2. The company provides freight transportation services through its
subsidiaries, Yellow Freight System, Inc. (Yellow Freight), Preston
Trucking Company, Inc. (Preston Trucking), Saia Motor Freight Line, Inc.
(Saia), WestEx, Inc. (WestEx) and Yellow Logistics Services, Inc.
(Yellow Logistics). Yellow Technology Services, Inc. (Yellow
Technology) supports the company's subsidiaries - primarily Yellow
Freight - with information technology. CSI/Reeves, Inc. (CSI/Reeves), a
specialty carpet hauler was sold effective August 31, 1995. Yellow
Freight, the company's principal subsidiary, comprises approximately 77%
of total revenue while Preston Trucking comprises approximately 14% and
Saia comprises approximately 6%.
Item 2. Management's Discussion and Analysis of Financial Condition and
Results of Operations
FINANCIAL CONDITION
September 30, 1995 Compared to December 31, 1994
Working capital increased by $67.0 million during the first nine months of
1995, resulting in a $94.4 million positive working capital position at
September 30, 1995. The increase is primarily due to growth in accounts
receivable, partially because of increased revenue levels at the end of the
respective periods of comparison. Additionally, conversion to a new system for
customer billing and stating contributed to the growth in days sales
outstanding. The company expects to reverse the trend in days sales
outstanding during the remainder of 1995 and 1996.

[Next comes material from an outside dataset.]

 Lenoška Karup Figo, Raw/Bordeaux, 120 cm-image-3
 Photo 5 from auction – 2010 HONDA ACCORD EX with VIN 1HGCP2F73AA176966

The company increased its total debt level by $109.7 million in the first nine
months of 1995 compared to that of December 31, 1994 with borrowings from
commercial paper, medium-term notes and bank credit lines. These borrowings
were used to fund capital expenditures as accounts receivable growth offset a
large portion of cash flows from other operating activities. Net capital
expenditures for the first nine months of 1995 were $124.0 million. It is
anticipated that the remaining capital spending for 1995 (approximately $20
million) will be financed through internally-generated funds and additional
borrowings.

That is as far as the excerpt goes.